### Exercise
With the pictures omitted, repeat exactly the lines below starting with the line that has "You are the" and going on through the line that has "If we were to".

Top of Material to process

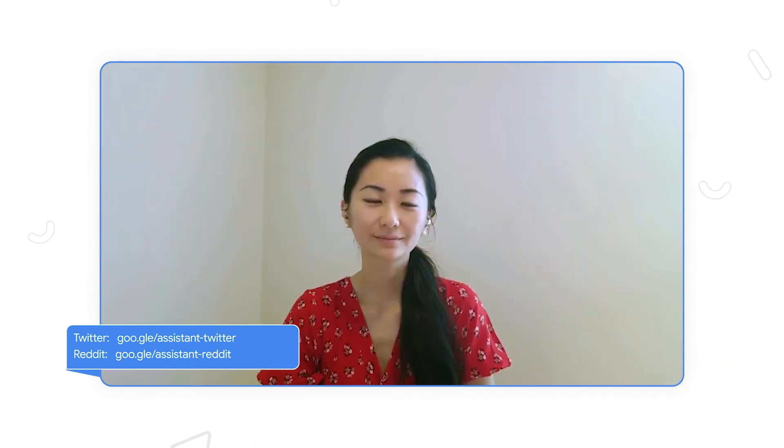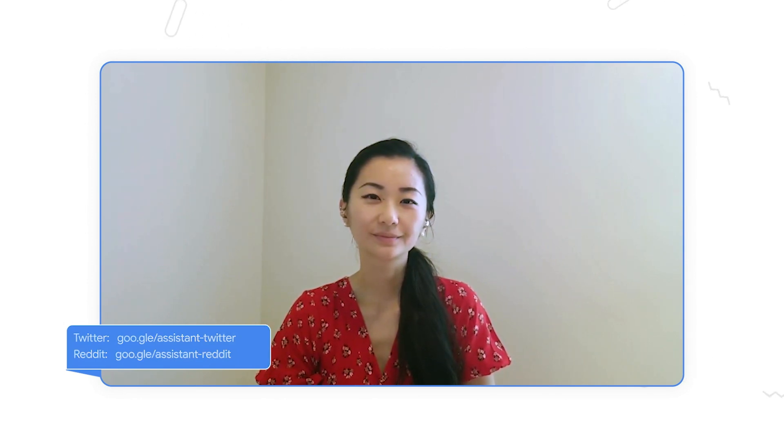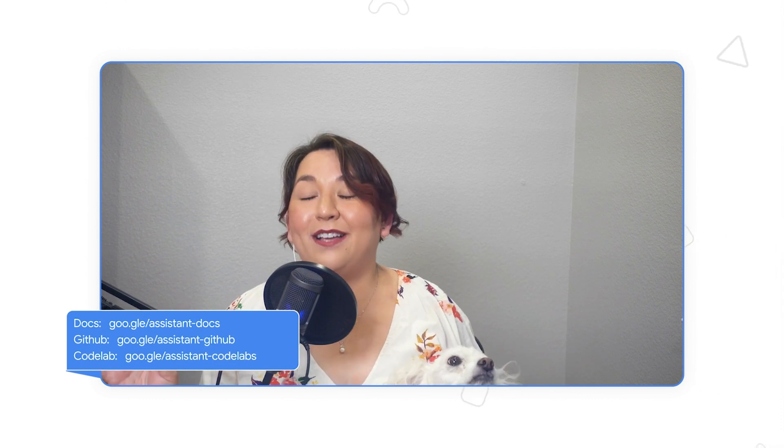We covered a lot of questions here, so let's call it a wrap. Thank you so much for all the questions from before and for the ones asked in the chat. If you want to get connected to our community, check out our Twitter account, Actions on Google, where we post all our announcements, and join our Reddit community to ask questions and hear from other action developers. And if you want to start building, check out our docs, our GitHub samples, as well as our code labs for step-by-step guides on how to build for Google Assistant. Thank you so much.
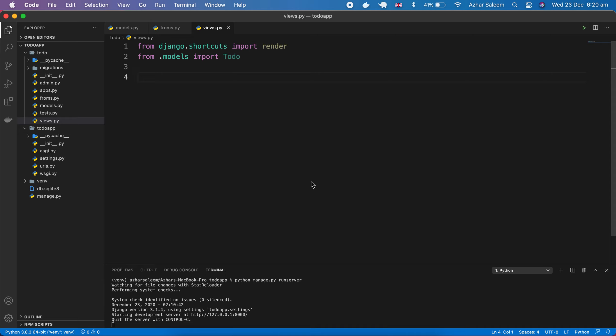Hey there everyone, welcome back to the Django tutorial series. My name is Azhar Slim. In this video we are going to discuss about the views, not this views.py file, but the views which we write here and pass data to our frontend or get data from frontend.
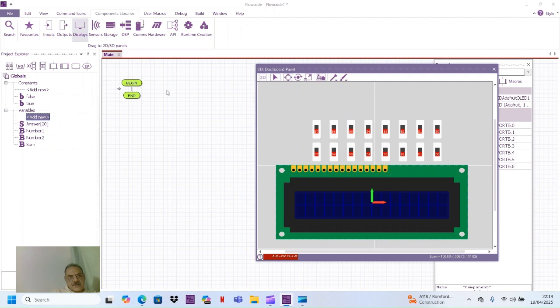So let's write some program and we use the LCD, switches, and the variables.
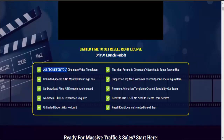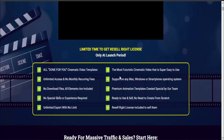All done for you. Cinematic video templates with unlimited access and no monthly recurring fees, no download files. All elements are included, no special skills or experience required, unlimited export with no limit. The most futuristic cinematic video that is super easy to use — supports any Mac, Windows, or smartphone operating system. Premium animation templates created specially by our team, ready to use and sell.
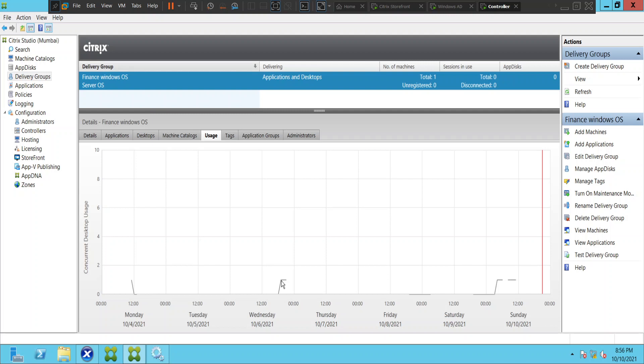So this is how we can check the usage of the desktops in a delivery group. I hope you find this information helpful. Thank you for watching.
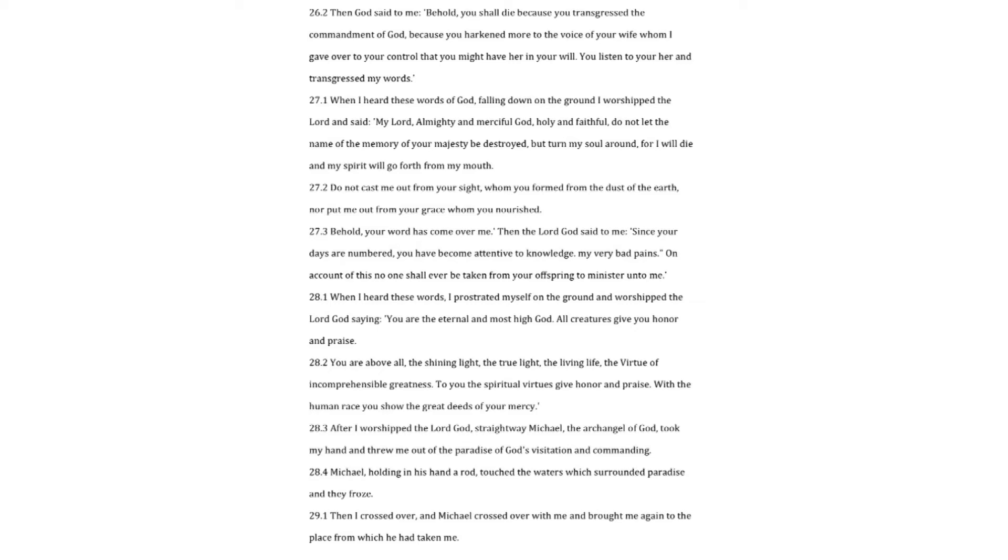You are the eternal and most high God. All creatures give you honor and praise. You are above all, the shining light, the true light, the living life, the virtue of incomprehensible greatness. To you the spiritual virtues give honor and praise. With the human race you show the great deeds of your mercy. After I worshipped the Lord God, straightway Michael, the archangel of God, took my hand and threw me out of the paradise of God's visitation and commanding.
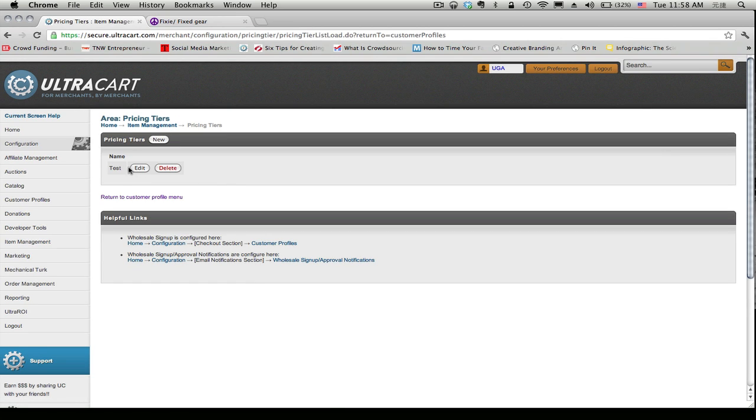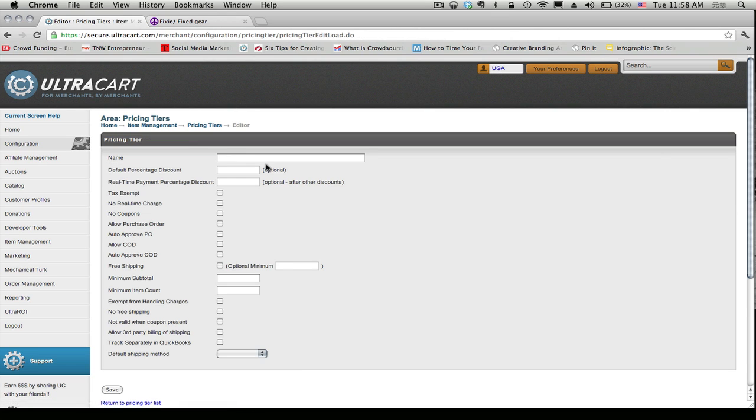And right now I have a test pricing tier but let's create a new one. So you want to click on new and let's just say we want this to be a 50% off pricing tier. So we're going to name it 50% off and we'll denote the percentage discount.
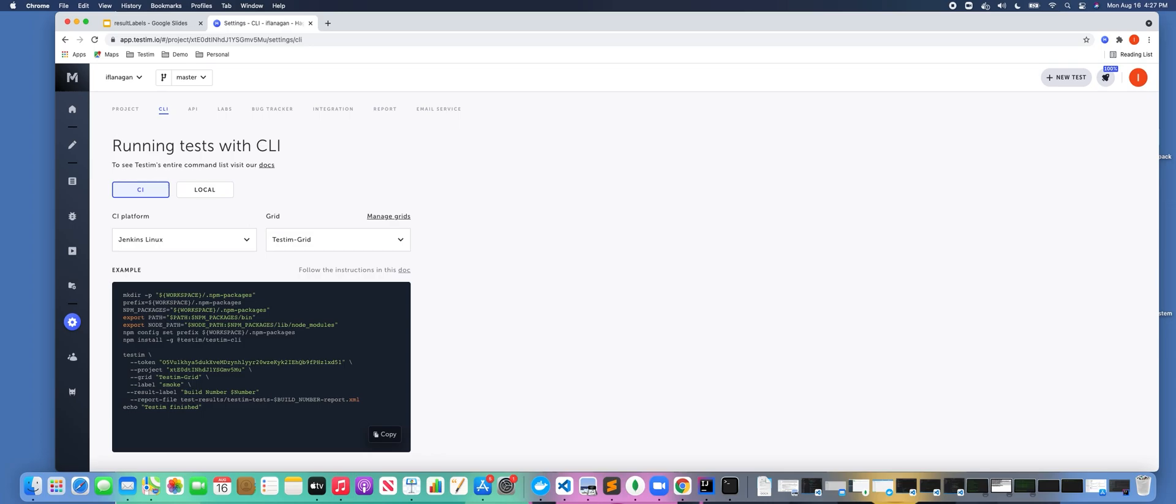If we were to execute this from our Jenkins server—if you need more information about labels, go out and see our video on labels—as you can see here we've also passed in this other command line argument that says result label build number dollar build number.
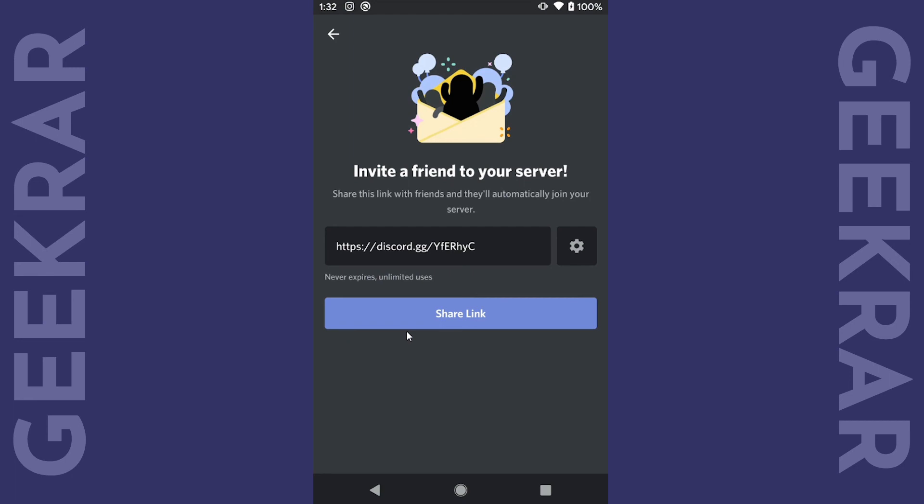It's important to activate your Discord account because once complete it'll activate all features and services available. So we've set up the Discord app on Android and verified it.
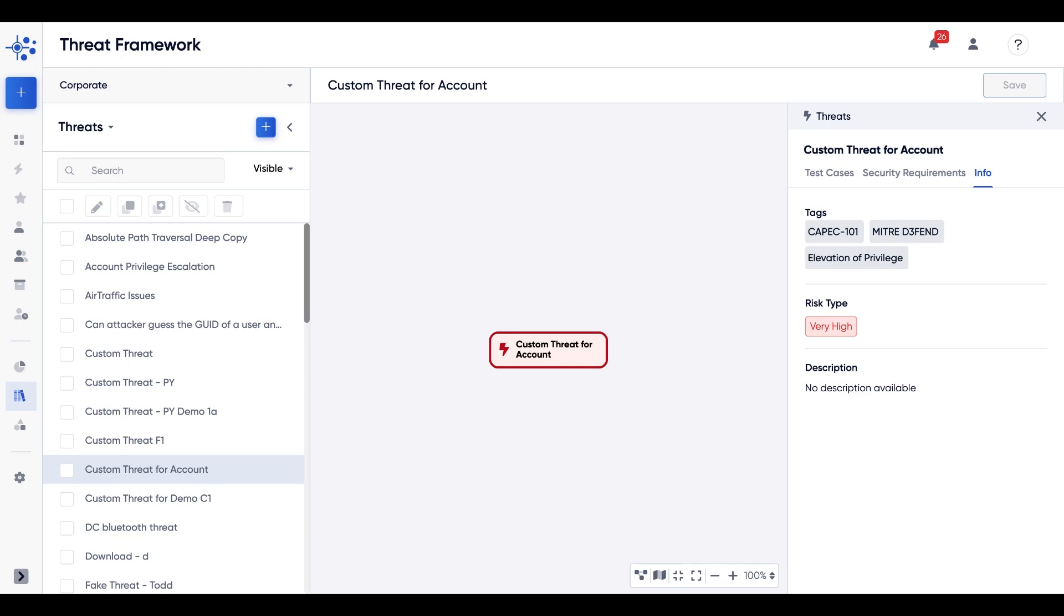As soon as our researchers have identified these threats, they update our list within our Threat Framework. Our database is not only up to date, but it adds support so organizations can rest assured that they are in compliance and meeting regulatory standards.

Bottom of Material to process

### Response below
You are the eternal and most high God. All creatures give you honor and praise. You are above all, the shining light, the true light, the living life, the virtue of incomprehensible greatness. To you the spiritual virtues give honor and praise. With the human race you show the great deeds of your mercy. After I worshipped the Lord God, straightway Michael, the archangel of God, took my hand and threw me out of the paradise of God's visitation and commanding.
And right now I have a test pricing tier but let's create a new one. So you want to click on new and let's just say we want this to be a 50% off pricing tier. So we're going to name it 50% off and we'll denote the percentage discount.
If we were to execute this from our Jenkins server—if you need more information about labels, go out and see our video on labels—as you can see here we've also passed in this other command line argument that says result label build number dollar build number.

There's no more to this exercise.